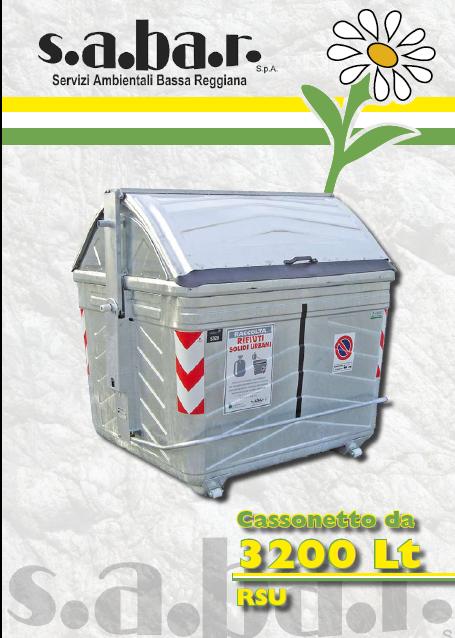 Cassonetto RSU, secco indifferenziato 3200 Lt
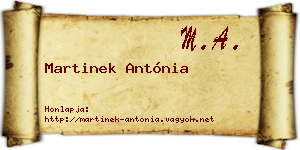 Martinek Antónia névjegykártya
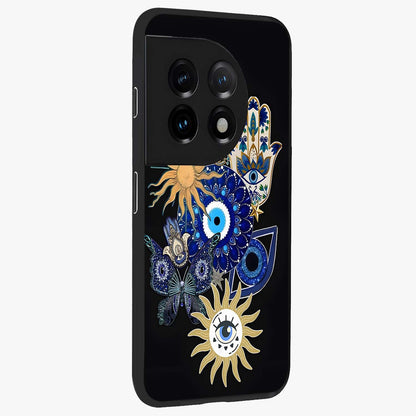 Evil Eye Charm Vibes Glass Case for 1+11 side perspective highlighting vibrant textures and premium edge finish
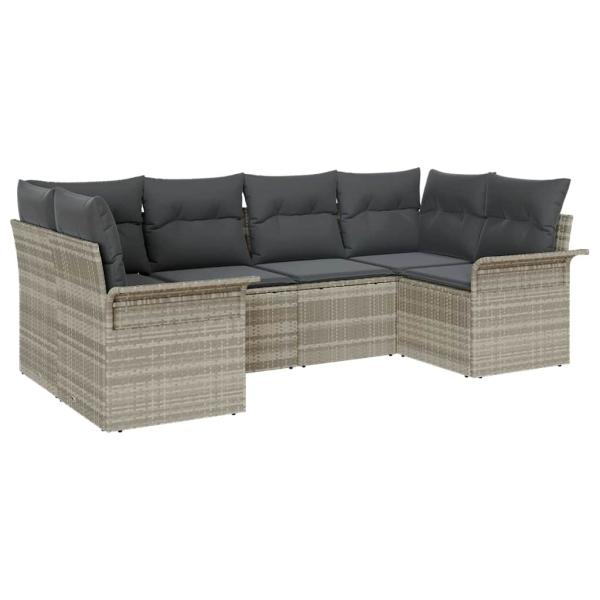 ARDEBO.de - 6-teiliges Garten-Sofaset mit Kissen hellgrau aus Poly-Rattan, 2-Sitzer Garten-Sofa mit Stauraum & Kissen hellgrau aus Poly-Rattan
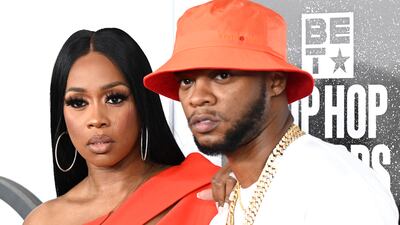 Remy Ma and Papoose attend the 2021 BET Hip Hop Awards at Cobb Energy Performing Arts Centre on October 1, 2021, in Atlanta.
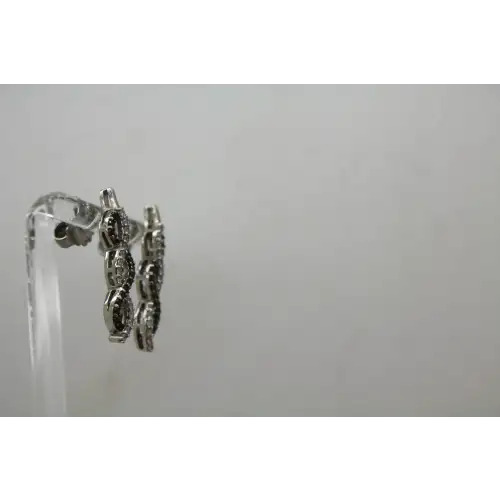 HN HENG NGAI .925 S.S. BLACK & WHITE CZ BRAIDED DESIGN earrings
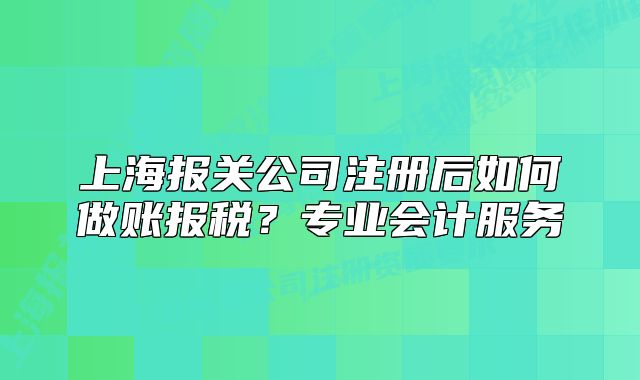 上海报关公司注册后如何做账报税？专业会计服务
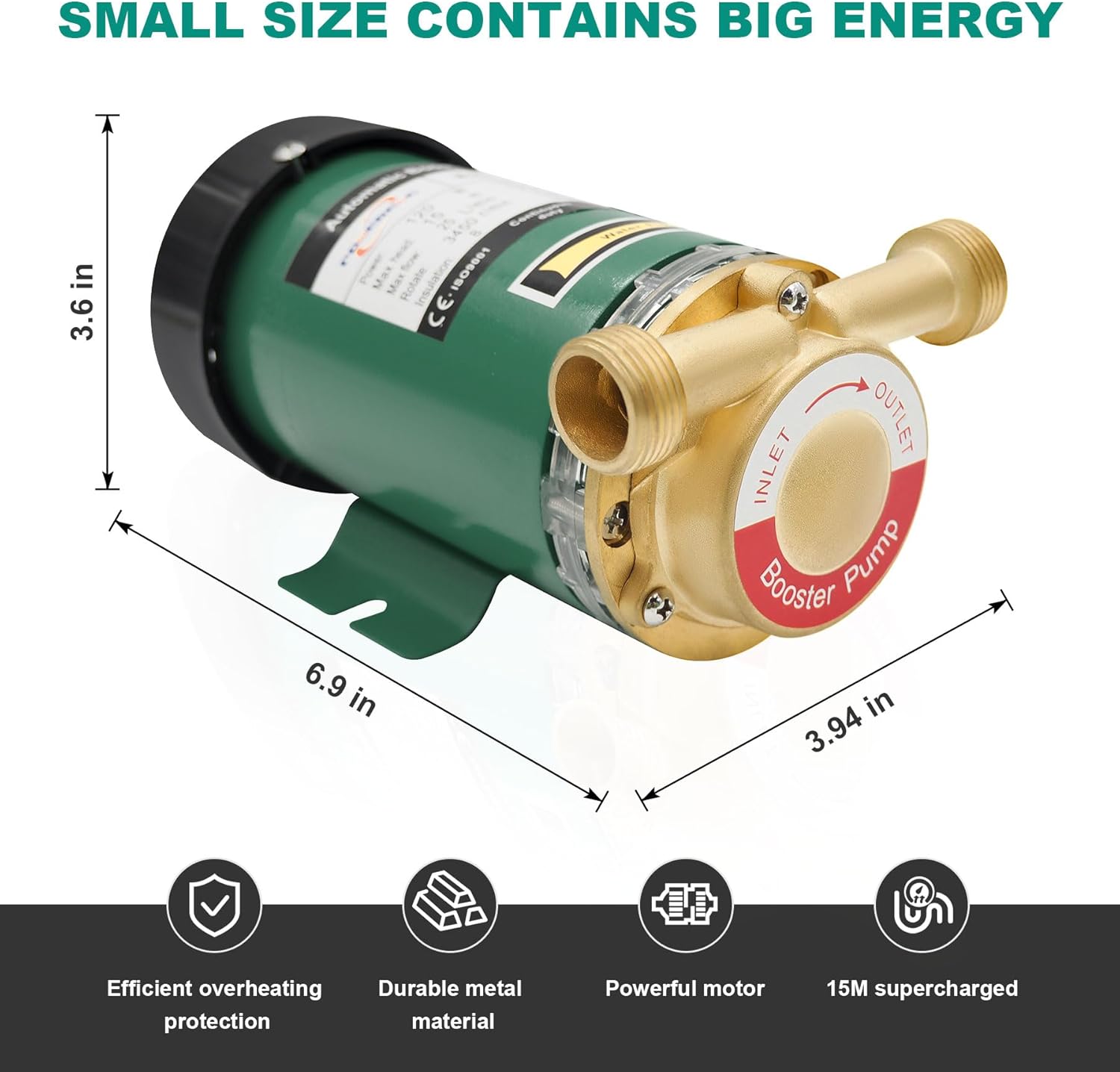 120W 115V Automatic Household Water Pressure Booster Pump,396GPH, 21.7 PSI Water Pressure Pump with Water Flow Switch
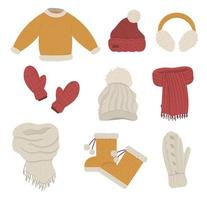ensemble de vêtements d'hiver. collection d'articles de vêtements vectoriels pour le temps froid. illustration plate de pull chaud tricoté, chapeaux, gants, écharpes, bottes. vecteur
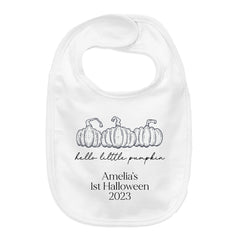 Baby's 1st Halloween | Personalised Halloween Baby Grow | Hello Little Pumpkin | First Halloween Baby Bib, Baby Halloween Gift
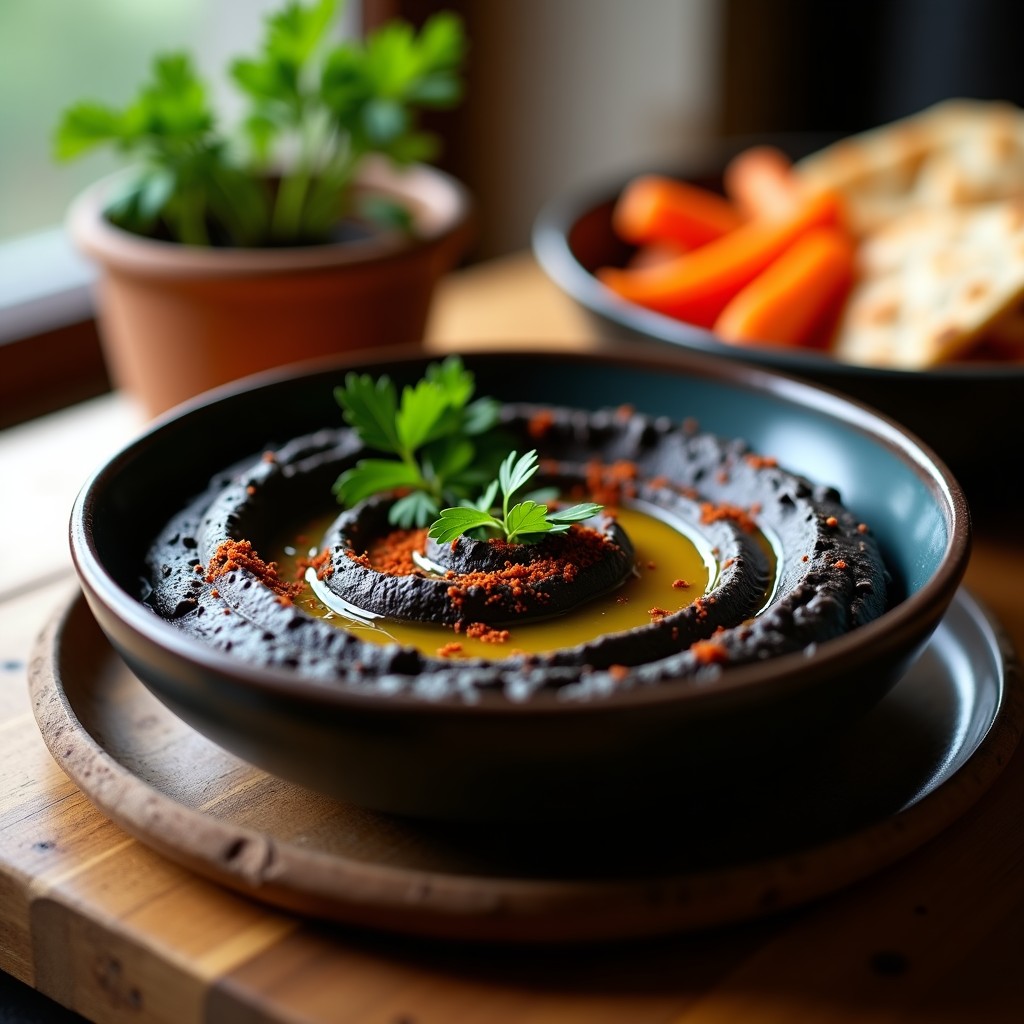 Bol de cerámica negra con hummus negro de ajo y tahini, decorado con perejil fresco, pimentón ahumado y un chorrito de aceite de oliva. Acompañado de pan de pita tostado y zanahorias en bastones. Receta en airfryer con toque ahumado.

○ ○ ○ ○

Go back to the line containing "120W 115V Automatic" and output it and every line after it through the end of the records, exactly, but not the pictures.

 120W 115V Automatic Household Water Pressure Booster Pump,396GPH, 21.7 PSI Water Pressure Pump with Water Flow Switch
ensemble de vêtements d'hiver. collection d'articles de vêtements vectoriels pour le temps froid. illustration plate de pull chaud tricoté, chapeaux, gants, écharpes, bottes. vecteur
 Baby's 1st Halloween | Personalised Halloween Baby Grow | Hello Little Pumpkin | First Halloween Baby Bib, Baby Halloween Gift
 Bol de cerámica negra con hummus negro de ajo y tahini, decorado con perejil fresco, pimentón ahumado y un chorrito de aceite de oliva. Acompañado de pan de pita tostado y zanahorias en bastones. Receta en airfryer con toque ahumado.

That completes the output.